(I'm going to make this a reocurring thread since the flip flops are so common)
THEN: Sen. Lindsey Graham (R), SC, loving it up with Mohammar Ghadaffi in August 2009:
NOW:
Today, Sen. Lindsey Graham (R-SC), who accompanied McCain on that August 2009 trip to Libya, flashed a similar bit of amnesia. Like McCain, he invoked Gadhafi's support for terrorism in the 1980s -- including the 1988 Lockerbie bombing, which killed dozens of Americans -- as a reason the U.S. should now "drop a bomb on him."
This was during a hearing of the Senate Armed Services Committee, where Secretary of Defense Bob Gates was testifying. Here's the exchange (see the video here, starting around the 98:30 mark):
GRAHAM: Is Gadhafi the legitimate leader of the Libyan people in your eyes, legally? And if he's not, would it be unlawful for a nation including ours to drop a bomb on him, to end this thing?
GATES: Well, President Reagan tried that.
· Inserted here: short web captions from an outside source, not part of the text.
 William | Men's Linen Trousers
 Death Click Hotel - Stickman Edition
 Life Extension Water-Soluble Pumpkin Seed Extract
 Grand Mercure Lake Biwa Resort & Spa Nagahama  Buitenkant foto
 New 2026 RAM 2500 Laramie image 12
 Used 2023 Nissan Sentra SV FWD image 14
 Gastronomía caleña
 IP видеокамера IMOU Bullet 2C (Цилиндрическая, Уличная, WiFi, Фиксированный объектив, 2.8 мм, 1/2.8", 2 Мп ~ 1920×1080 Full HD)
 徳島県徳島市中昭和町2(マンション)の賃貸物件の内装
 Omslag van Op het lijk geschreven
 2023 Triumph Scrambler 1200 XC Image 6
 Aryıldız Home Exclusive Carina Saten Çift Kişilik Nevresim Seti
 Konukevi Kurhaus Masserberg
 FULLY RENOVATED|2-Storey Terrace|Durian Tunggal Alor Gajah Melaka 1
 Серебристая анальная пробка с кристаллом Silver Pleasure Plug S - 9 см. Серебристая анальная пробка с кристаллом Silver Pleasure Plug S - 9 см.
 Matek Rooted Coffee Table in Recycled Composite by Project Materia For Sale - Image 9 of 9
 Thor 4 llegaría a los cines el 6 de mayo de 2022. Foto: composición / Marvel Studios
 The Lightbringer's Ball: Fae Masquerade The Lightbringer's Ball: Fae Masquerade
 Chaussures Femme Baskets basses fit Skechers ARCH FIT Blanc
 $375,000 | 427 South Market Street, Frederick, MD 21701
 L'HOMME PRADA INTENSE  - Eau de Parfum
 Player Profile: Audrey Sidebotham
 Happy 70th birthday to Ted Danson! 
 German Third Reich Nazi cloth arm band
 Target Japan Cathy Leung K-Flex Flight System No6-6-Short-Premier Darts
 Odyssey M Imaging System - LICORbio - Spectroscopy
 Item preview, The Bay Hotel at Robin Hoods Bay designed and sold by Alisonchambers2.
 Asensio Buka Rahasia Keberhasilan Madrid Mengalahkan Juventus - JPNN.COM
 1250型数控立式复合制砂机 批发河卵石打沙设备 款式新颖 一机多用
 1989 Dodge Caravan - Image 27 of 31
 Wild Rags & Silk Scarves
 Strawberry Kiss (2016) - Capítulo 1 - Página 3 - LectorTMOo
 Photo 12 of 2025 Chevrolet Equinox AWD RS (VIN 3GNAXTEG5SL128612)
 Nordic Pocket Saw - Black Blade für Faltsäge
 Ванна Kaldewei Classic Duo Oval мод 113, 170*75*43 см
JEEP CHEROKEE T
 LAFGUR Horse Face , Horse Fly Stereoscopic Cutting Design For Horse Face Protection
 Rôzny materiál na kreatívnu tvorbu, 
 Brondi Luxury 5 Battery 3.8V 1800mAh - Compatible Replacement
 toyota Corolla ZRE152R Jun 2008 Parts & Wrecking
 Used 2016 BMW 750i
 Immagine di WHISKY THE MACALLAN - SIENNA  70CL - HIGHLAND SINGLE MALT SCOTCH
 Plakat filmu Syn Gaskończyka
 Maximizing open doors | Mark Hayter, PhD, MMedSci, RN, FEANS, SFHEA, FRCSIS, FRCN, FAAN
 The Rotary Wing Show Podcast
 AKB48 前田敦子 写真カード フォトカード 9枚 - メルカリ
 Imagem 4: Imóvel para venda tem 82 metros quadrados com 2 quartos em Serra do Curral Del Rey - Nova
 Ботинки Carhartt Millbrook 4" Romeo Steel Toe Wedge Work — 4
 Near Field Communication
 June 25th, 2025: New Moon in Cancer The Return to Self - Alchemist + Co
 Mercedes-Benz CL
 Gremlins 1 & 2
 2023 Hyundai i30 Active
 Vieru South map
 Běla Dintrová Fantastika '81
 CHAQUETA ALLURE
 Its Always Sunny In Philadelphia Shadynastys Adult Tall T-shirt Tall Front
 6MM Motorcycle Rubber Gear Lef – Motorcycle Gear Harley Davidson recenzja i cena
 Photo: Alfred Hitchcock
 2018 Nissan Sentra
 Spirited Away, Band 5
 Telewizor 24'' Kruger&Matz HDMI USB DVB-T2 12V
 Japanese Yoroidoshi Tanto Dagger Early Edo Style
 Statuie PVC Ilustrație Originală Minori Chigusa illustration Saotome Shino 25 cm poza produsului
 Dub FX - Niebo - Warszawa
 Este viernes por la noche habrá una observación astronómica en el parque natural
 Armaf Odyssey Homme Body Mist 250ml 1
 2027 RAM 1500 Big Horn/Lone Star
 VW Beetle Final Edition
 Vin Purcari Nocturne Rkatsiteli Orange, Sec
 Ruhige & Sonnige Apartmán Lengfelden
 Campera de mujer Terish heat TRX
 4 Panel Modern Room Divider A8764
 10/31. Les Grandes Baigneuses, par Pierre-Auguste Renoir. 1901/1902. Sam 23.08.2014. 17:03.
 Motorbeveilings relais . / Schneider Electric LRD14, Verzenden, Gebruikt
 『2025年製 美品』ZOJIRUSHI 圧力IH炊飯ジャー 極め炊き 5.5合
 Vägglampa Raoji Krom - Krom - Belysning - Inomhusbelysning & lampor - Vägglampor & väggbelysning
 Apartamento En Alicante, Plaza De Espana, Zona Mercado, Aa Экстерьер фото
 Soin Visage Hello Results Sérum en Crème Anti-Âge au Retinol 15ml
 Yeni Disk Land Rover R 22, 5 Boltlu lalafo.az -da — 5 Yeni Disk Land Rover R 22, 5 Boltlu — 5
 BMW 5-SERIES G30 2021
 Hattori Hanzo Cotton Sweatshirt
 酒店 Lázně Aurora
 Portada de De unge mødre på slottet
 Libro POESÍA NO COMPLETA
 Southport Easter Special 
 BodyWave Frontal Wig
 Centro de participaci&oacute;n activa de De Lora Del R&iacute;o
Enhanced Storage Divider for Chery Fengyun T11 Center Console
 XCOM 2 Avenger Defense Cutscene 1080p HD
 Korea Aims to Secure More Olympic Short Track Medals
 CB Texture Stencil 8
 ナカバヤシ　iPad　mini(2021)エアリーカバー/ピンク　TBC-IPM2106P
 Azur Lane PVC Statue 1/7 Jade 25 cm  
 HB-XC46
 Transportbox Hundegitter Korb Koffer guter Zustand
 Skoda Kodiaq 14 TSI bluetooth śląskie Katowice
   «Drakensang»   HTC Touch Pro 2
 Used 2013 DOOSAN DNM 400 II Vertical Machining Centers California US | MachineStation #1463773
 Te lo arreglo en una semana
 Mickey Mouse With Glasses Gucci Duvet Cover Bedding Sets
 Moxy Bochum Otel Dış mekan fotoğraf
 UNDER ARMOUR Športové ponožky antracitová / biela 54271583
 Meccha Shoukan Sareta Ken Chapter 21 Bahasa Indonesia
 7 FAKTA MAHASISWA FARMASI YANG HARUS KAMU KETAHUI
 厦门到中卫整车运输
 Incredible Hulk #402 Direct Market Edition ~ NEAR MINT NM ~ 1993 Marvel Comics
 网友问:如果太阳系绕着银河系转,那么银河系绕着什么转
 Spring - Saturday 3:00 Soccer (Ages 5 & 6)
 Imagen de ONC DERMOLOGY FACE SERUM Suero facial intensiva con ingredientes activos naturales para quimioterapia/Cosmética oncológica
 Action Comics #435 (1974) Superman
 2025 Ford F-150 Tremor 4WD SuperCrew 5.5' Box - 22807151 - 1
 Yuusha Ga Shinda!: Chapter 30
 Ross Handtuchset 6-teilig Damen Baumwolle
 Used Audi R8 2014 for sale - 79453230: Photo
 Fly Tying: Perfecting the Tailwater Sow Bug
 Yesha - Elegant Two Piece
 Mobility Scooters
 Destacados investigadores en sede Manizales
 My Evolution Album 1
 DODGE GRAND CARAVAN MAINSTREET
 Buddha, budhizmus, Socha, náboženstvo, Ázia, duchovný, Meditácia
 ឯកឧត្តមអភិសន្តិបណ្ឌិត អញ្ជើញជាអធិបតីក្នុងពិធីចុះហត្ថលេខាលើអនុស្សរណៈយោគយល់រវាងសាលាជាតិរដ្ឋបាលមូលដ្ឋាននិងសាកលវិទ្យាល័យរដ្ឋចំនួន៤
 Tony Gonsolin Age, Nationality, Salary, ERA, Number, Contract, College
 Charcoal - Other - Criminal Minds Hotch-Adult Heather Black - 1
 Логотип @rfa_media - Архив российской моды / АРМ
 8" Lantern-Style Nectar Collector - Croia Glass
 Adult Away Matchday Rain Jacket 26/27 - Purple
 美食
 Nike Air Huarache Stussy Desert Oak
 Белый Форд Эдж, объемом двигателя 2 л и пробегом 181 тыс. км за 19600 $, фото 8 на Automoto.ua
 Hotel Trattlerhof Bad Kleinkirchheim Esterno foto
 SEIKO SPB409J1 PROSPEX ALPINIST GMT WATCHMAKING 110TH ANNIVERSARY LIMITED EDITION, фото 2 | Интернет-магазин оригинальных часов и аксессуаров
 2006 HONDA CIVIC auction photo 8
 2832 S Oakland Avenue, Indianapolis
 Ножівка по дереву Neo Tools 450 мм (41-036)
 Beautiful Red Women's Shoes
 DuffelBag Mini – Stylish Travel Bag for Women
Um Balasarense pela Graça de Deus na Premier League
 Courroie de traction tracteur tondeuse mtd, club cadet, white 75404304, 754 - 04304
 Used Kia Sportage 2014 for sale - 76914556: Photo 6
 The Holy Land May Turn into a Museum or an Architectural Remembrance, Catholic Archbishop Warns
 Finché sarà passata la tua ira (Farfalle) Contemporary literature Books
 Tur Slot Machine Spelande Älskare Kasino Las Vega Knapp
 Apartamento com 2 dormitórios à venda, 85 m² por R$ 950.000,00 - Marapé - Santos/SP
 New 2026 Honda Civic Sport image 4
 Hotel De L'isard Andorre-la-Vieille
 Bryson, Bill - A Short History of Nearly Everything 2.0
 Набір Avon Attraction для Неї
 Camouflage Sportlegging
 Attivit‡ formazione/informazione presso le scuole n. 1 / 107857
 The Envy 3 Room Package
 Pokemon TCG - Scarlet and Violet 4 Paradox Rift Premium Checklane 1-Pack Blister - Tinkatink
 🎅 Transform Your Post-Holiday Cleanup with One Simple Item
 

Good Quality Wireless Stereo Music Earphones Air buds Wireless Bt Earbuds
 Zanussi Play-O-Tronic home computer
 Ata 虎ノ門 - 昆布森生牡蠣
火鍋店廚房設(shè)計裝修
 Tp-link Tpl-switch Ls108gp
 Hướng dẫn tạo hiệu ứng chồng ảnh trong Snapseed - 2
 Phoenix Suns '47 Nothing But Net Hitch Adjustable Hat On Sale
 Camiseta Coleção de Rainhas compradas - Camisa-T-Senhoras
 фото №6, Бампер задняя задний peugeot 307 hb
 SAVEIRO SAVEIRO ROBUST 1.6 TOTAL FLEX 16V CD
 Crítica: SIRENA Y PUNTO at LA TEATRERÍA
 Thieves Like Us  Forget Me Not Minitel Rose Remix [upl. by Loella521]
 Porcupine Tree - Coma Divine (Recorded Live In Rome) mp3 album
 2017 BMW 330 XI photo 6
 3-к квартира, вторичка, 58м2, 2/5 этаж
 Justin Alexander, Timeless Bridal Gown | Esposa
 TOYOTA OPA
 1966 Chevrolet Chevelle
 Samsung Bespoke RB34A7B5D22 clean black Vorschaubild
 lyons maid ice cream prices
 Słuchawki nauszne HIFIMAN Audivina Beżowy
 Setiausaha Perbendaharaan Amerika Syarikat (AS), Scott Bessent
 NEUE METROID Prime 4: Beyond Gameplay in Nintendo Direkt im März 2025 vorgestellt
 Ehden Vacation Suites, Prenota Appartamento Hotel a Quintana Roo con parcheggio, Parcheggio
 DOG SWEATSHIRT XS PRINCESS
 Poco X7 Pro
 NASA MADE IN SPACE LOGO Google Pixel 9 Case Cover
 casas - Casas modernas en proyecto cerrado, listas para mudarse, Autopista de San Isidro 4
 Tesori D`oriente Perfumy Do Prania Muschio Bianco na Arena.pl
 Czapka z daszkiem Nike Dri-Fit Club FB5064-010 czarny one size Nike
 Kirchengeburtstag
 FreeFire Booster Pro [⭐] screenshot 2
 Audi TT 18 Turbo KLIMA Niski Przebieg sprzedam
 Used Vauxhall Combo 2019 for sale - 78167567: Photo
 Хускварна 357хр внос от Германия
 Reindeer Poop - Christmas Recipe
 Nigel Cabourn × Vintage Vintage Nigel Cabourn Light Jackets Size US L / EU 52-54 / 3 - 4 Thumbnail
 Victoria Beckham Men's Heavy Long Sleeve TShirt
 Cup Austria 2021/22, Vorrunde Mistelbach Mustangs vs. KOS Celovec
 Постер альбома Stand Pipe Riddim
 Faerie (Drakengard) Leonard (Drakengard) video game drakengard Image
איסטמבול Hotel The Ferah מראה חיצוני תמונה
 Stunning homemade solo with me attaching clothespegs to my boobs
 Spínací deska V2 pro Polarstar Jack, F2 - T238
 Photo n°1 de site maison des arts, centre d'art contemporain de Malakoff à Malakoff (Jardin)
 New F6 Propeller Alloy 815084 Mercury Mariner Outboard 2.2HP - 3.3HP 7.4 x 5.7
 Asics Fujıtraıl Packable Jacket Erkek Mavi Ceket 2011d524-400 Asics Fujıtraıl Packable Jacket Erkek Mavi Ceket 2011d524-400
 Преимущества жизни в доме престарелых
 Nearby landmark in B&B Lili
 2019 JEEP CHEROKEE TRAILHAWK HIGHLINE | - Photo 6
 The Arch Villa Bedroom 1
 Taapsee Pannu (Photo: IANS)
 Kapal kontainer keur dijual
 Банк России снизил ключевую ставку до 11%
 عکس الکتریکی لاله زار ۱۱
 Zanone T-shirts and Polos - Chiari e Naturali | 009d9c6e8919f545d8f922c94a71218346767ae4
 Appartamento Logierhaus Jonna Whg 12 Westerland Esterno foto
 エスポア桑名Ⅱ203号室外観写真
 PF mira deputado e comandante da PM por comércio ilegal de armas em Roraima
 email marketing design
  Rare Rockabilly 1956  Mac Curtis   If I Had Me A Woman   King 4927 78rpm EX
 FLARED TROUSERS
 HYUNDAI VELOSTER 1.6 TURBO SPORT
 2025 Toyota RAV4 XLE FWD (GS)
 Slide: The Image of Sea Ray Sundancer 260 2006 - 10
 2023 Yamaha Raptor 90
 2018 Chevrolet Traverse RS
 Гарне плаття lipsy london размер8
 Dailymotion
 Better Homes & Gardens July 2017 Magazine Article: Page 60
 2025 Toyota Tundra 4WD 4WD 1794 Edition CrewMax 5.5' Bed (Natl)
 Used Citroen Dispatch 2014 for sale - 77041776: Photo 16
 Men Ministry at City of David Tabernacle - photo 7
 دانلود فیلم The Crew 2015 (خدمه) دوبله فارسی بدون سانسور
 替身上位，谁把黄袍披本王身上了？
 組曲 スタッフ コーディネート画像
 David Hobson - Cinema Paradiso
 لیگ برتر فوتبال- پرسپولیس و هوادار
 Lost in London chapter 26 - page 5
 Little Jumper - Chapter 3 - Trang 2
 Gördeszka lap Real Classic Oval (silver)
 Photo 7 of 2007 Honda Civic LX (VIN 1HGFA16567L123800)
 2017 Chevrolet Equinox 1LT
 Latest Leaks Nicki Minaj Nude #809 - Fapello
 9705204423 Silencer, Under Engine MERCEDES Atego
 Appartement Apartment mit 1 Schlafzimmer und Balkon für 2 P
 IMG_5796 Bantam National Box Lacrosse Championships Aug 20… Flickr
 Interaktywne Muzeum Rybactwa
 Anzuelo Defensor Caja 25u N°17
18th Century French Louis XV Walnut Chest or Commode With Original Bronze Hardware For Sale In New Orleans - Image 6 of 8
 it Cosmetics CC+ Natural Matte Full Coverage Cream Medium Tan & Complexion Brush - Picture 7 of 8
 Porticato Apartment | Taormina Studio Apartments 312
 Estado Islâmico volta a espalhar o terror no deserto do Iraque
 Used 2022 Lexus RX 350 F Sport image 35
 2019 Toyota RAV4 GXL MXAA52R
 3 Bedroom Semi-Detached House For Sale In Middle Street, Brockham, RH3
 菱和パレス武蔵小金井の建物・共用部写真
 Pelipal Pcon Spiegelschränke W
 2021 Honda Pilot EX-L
GRAHAM: Well that doesn't mean we shouldn't try again. I'm asking this in all seriousness. I don't believe this man is the legitimate leader of the Libyan people. I believe he's an international terrorist, unlawful enemy combatant, then we're within our bounds as a nation -- and our coalition partners -- to take the fight to him and his cadre of supporters. Is that on the table or not?
Then there's Sen. John McCain, (R), LaLaLand, who accompanied Graham on the trip to Libya:
Speaking on CBS' "The Early Show" today, McCain twice cited the fact that Moammar Gadhafi has "American blood on his hands" as a reason the U.S. should try to oust the dictator. McCain specifically referred to the 1988 Lockerbie bombing, which was indeed carried out by a Libyan agent.
What McCain is apparently forgetting is that, apart from the past few weeks, the last decade has been a period of rapprochement between the United States and Libya. It started with President Bush announcing in 2003 that Gadhafi had agreed to give up his "weapons of mass destruction" programs. In 2006 Bush removed Libya from the official list of state sponsors of terrorism. In September 2008 Condoleezza Rice traveled to Libya to have talks with Gadhafi. And just a few days before the 2008 presidential election, Bush signed a settlement under which Libya compensated families of victims of Lockerbie and other '80s-era attacks.